ベタープログラマ』を読了しました。 面白い部分もありましたが、同意できない点も多々ある本でした。

「謙虚な姿勢で、継続的に学ぶ」というメッセージや、「優れたプログラマを目指すということは、心地よい場所にとどまることと対極にある」という主張は納得できるものでした。

しかし、テストに関しては記述が粗いように感じました。

例えば、「単体テスト」の定義について、最小単位のテストであることを強調しながら、「順序を入れ替えて実行しても結果に影響を与えない」という点に関する記述が欠けていました。「(製品コードの他の単位が関係せずに)テストしていないのであれば、単体テストではありません」と書いてあるので、好意的に解釈すれば同等のことを言っているようにも思いますが、明確にしてほしいと感じました。

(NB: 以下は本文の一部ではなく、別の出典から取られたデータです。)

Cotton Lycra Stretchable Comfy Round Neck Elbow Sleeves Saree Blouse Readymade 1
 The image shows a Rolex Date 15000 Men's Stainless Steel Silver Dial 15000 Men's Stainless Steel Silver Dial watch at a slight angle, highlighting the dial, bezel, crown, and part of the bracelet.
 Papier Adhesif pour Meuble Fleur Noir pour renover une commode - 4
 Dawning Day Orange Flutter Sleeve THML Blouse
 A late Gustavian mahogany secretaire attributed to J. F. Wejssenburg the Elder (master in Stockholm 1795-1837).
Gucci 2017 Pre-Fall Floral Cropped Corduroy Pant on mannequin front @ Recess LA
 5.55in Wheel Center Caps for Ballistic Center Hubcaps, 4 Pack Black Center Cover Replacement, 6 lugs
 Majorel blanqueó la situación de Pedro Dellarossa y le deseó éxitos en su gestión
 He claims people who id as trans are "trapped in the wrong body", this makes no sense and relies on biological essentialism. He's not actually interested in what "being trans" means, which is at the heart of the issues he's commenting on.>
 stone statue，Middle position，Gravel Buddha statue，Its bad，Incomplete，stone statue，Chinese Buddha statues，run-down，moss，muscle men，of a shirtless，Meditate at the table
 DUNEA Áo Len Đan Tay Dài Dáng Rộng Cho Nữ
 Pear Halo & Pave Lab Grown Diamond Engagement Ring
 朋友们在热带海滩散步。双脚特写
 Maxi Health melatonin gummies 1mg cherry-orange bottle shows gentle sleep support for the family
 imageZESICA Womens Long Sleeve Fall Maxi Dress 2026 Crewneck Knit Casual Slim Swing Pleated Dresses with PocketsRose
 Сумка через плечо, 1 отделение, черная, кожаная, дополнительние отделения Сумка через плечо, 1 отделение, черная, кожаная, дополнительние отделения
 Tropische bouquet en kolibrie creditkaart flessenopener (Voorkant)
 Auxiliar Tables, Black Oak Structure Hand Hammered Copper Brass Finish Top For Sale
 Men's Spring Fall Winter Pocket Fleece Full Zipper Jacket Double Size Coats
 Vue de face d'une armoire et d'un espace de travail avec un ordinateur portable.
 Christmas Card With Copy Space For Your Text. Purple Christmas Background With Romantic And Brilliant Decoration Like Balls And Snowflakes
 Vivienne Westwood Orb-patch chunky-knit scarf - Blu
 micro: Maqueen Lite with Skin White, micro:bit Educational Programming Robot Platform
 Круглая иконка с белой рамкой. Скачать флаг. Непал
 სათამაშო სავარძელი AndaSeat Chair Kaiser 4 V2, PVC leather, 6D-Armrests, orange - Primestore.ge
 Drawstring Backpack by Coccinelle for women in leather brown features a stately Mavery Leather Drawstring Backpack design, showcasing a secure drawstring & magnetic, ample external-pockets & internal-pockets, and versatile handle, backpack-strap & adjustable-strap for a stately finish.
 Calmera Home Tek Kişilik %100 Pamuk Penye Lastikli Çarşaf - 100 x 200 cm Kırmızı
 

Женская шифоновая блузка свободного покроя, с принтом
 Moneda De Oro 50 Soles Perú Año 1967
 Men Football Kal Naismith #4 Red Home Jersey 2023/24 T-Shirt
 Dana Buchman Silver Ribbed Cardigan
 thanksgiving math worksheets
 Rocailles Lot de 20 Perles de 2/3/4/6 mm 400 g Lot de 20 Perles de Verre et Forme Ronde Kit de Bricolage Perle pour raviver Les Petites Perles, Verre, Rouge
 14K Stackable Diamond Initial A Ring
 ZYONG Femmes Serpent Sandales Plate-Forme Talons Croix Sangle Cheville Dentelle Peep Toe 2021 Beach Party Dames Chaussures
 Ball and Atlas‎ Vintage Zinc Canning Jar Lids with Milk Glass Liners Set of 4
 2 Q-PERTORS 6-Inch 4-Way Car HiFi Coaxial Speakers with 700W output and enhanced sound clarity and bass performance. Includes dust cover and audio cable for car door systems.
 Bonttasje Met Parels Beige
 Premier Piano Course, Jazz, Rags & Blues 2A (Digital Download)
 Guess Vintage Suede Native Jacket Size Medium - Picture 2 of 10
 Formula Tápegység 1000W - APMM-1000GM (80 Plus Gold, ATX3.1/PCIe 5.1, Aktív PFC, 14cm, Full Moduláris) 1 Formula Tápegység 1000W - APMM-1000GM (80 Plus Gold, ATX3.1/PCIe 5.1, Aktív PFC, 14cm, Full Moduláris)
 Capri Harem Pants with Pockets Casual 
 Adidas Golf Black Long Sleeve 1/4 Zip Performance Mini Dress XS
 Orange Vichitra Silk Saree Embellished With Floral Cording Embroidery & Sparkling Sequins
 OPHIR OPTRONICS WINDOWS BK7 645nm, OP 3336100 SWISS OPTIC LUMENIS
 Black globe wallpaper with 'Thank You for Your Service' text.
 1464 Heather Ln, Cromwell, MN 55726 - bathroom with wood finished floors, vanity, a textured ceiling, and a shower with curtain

テストダブルの例として、「ダミー」、「スタブ」、そして「モック」について書かれていますが、ここでのダミーとモックの定義は誤解を招くものだと感じました。より良い定義は Choosing the Right Test Double に書かれいているものだと思います。つまり、ダミーはコールするとクラッシュするテストダブルであり、モックはスタブとスパイの機能を持ちつつ、そのオブジェクトの中でアサートまでできるものだという定義です。本書では、ダミーを「テストはそれら (= ダミーオブジェクト) を呼び出しませんが、パラメータのリストを満たすために存在しています」としており、モックに関しては要領を得ない説明になっています。

また、第3章の「少ないコードを書く」では、「使っている言語が三項演算子を提供しているなら、三項演算子を使ってください」と、『リーダブルコード』とは真逆の主張がされていました。三項演算子は可読性を下げることが多いと感じているため、この主張には同意しかねました。